- Collected data:
*** Block opens ***

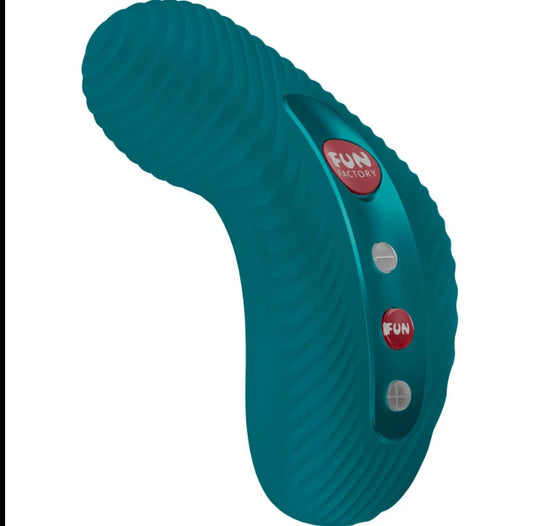 Vibromasseur Fun Factory en silicone turquoise ergonomique avec boutons de contrôle – sextoy haut de gamme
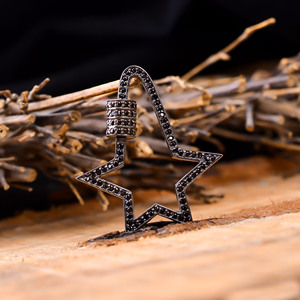 S.K. Đồ trang sức SKKB-8 <span class=keywords><strong>925</strong></span> Sterling bạc Mỹ đồ trang sức tự nhiên màu đen cột sống đá quý <span class=keywords><strong>Micro</strong></span> <span class=keywords><strong>Pave</strong></span> vermeil Sao Carabiner khóa <span class=keywords><strong>Clasp</strong></span> - Product Image 2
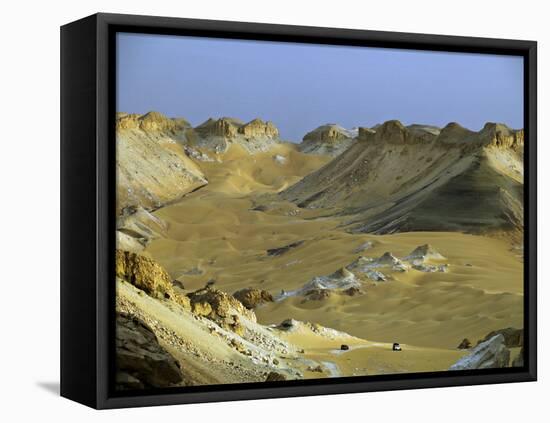 Two 4X4S Descend from the Escarpment on the Approach to Dakhla Oasis in the Western Desert, Egypt-Julian Love-Framed Stretched Canvas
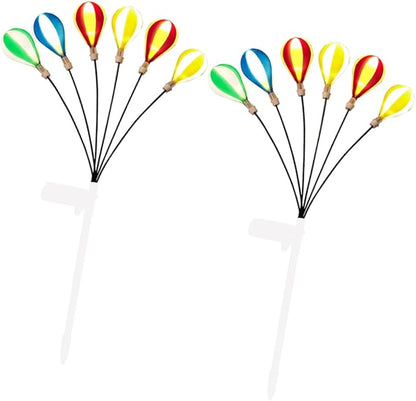 VANZACK Solar-Powered Garden Lights 2 Pack Air Balloon Shape Decorative Stake Lights Led for Outdoor Yard Decorations Automatic Night Lighting Energy-Saving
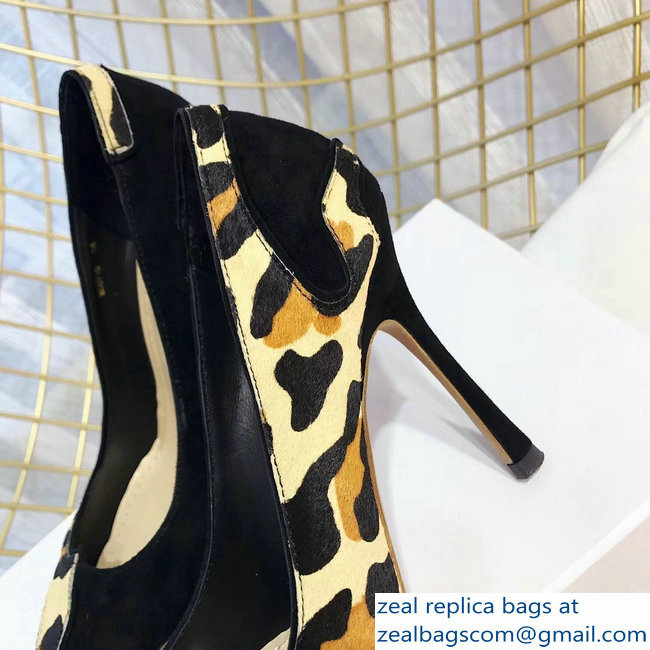 Dior Black Suede And Leopard Calf Hair Pointed Toe Pumps 02 2018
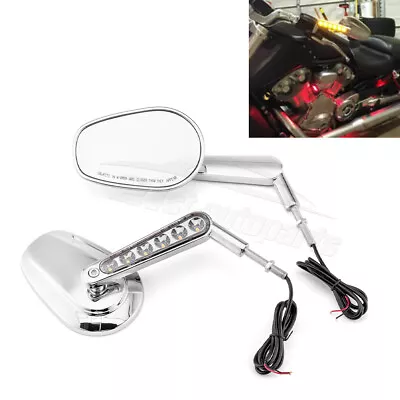 Motorcycle Rear View Mirrors & LED Turn Signals Light Fit For Harley V-ROD 09-17 • $49.99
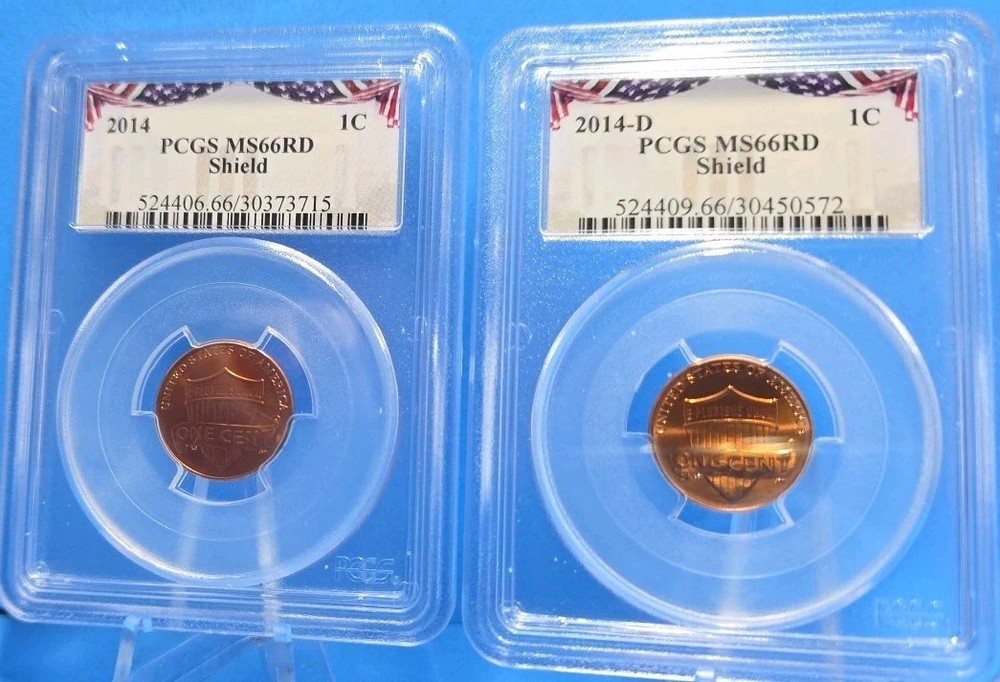 2014-P&D Lincoln Shield Cent PCGS MS66RD Penny 2 Coin Set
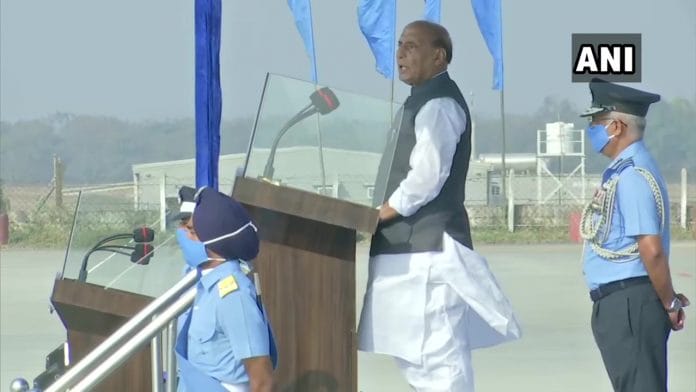 Defence Minister Rajnath Singh at the Combined Graduation Parade at Airforce Academy in Dundigal, in Hyderabad | ANIPix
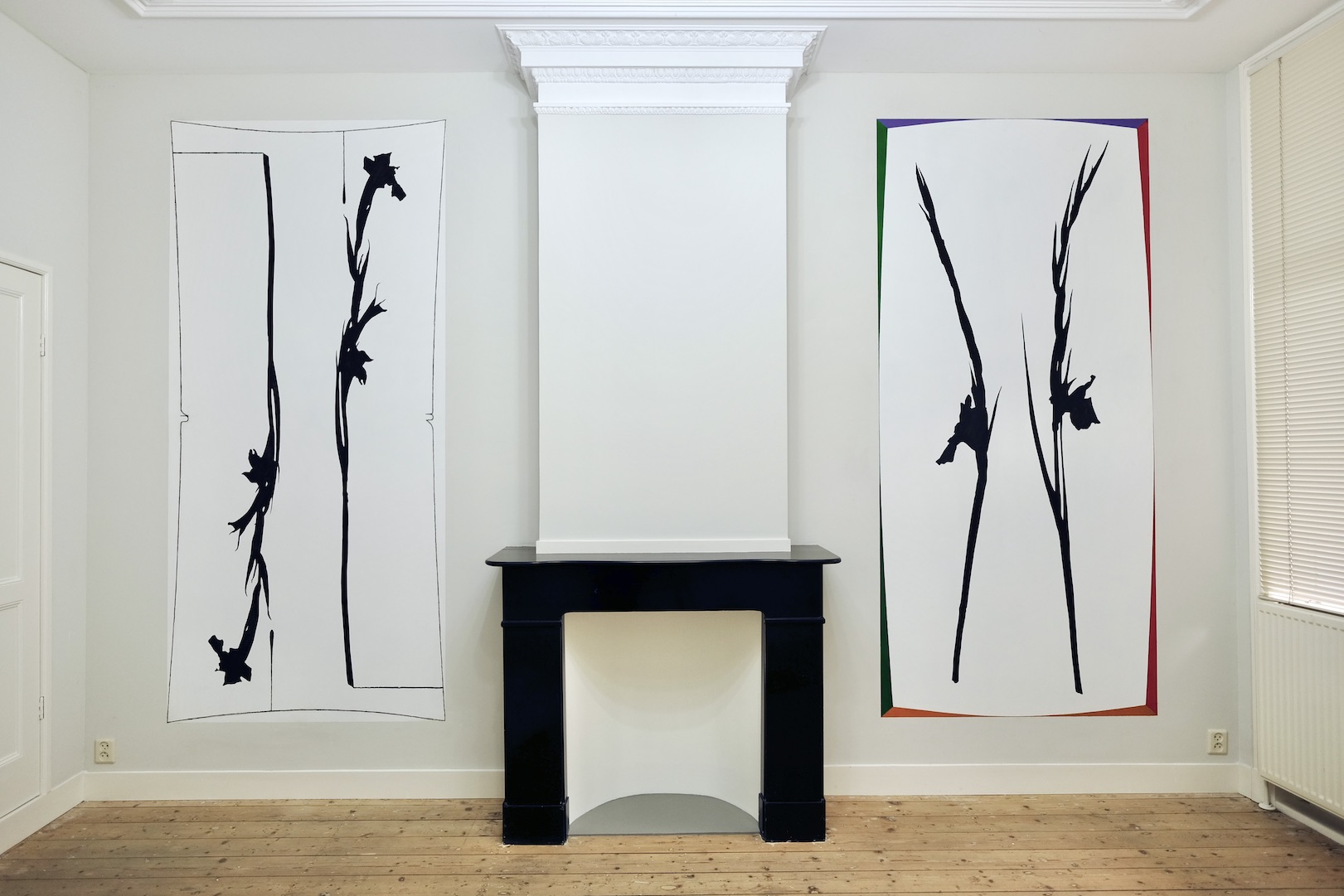 As ensembles go by, no. 1 ’The breath you take, the breath you give’, 2024, acrylic and charcoal on wall, each 250 x 115 cm.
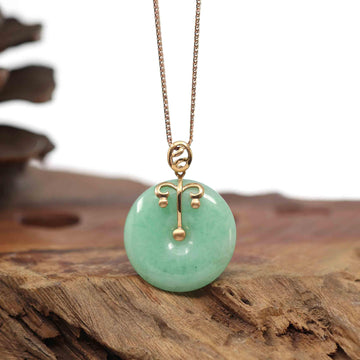 Baikalla Jewelry God Jadeite Necklace Pendant Only 18k Rose Gold Genuine Jadeite Constellation Horoscope (Libra) Necklace Pendant
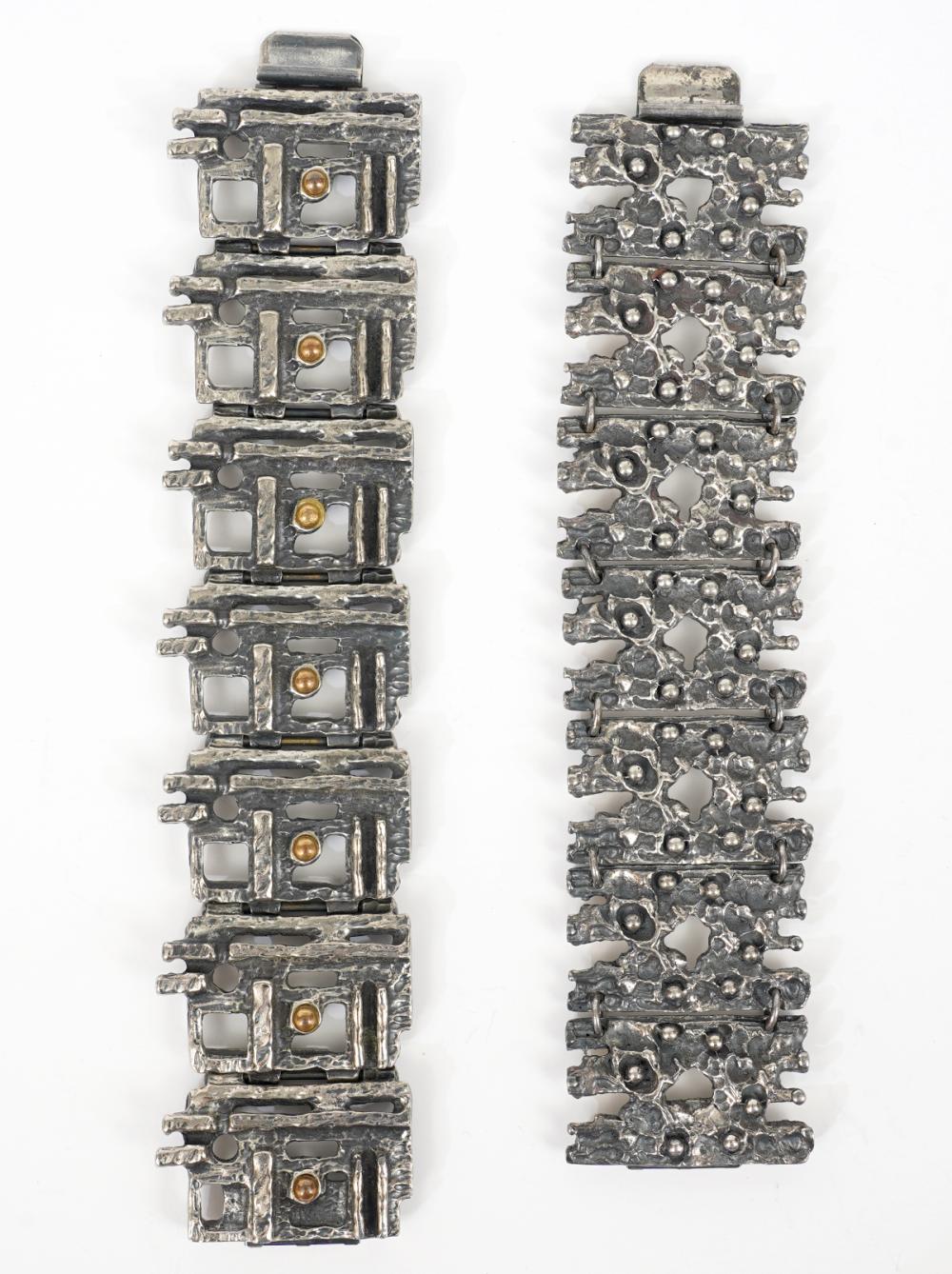 TWO ROBERT LARIN BRUTALIST BRACELETSTwo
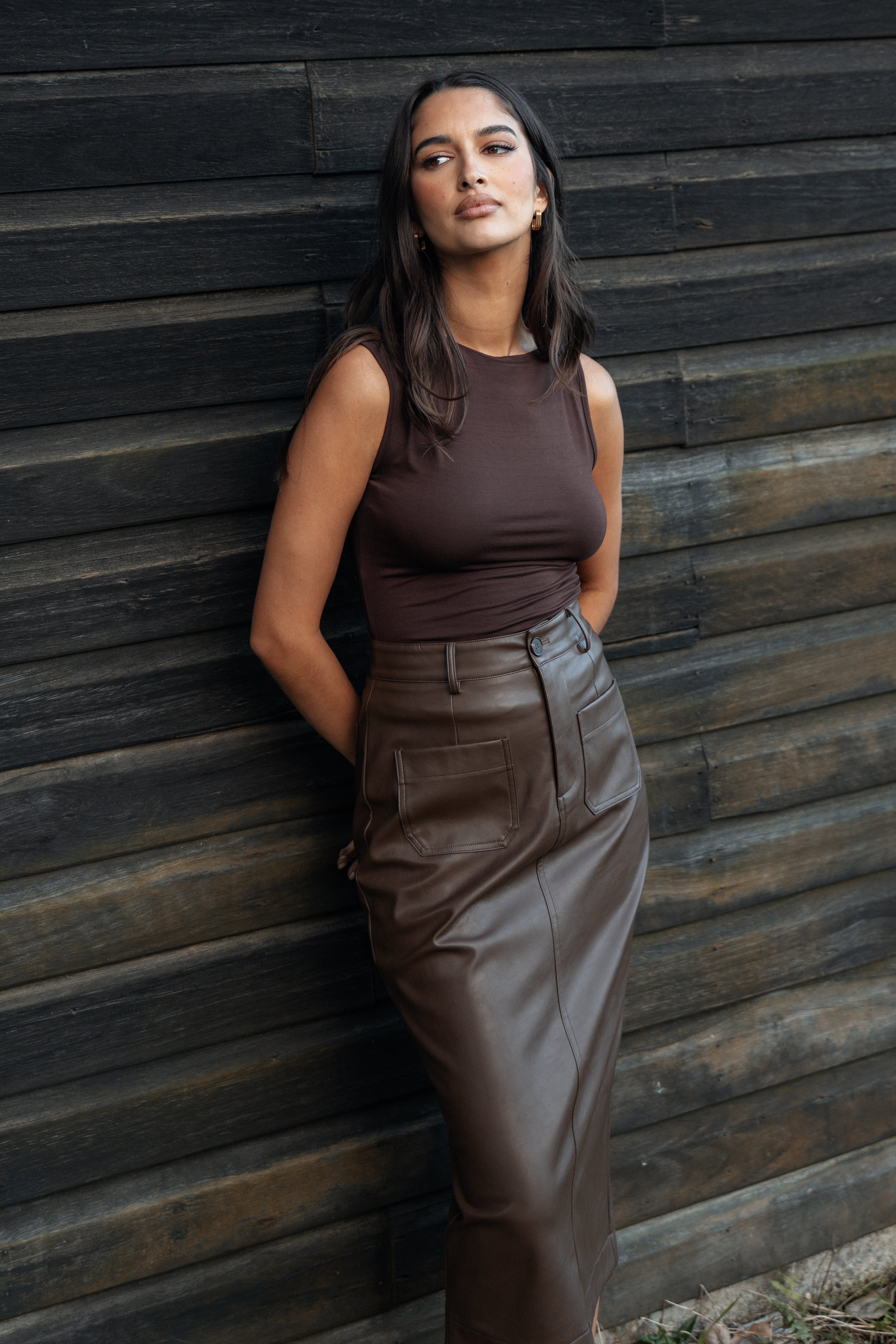 Colby Midi Skirt in Brown | Women's A-Line Skirt with Elastic Waist | Perfect for Work, Date Night & Casual Outfits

*** Block closes ***

- TASK DIRECTIONS: Make an exact copy of every entry above, but keep the pictures out of it.

- ANSWER FOR THIS EXERCISE:
 Vibromasseur Fun Factory en silicone turquoise ergonomique avec boutons de contrôle – sextoy haut de gamme
 S.K. Đồ trang sức SKKB-8 <span class=keywords><strong>925</strong></span> Sterling bạc Mỹ đồ trang sức tự nhiên màu đen cột sống đá quý <span class=keywords><strong>Micro</strong></span> <span class=keywords><strong>Pave</strong></span> vermeil Sao Carabiner khóa <span class=keywords><strong>Clasp</strong></span> - Product Image 2
 Two 4X4S Descend from the Escarpment on the Approach to Dakhla Oasis in the Western Desert, Egypt-Julian Love-Framed Stretched Canvas
 VANZACK Solar-Powered Garden Lights 2 Pack Air Balloon Shape Decorative Stake Lights Led for Outdoor Yard Decorations Automatic Night Lighting Energy-Saving
 Dior Black Suede And Leopard Calf Hair Pointed Toe Pumps 02 2018
 Motorcycle Rear View Mirrors & LED Turn Signals Light Fit For Harley V-ROD 09-17 • $49.99
 2014-P&D Lincoln Shield Cent PCGS MS66RD Penny 2 Coin Set
 Defence Minister Rajnath Singh at the Combined Graduation Parade at Airforce Academy in Dundigal, in Hyderabad | ANIPix
 As ensembles go by, no. 1 ’The breath you take, the breath you give’, 2024, acrylic and charcoal on wall, each 250 x 115 cm.
 Baikalla Jewelry God Jadeite Necklace Pendant Only 18k Rose Gold Genuine Jadeite Constellation Horoscope (Libra) Necklace Pendant
 TWO ROBERT LARIN BRUTALIST BRACELETSTwo
 Colby Midi Skirt in Brown | Women's A-Line Skirt with Elastic Waist | Perfect for Work, Date Night & Casual Outfits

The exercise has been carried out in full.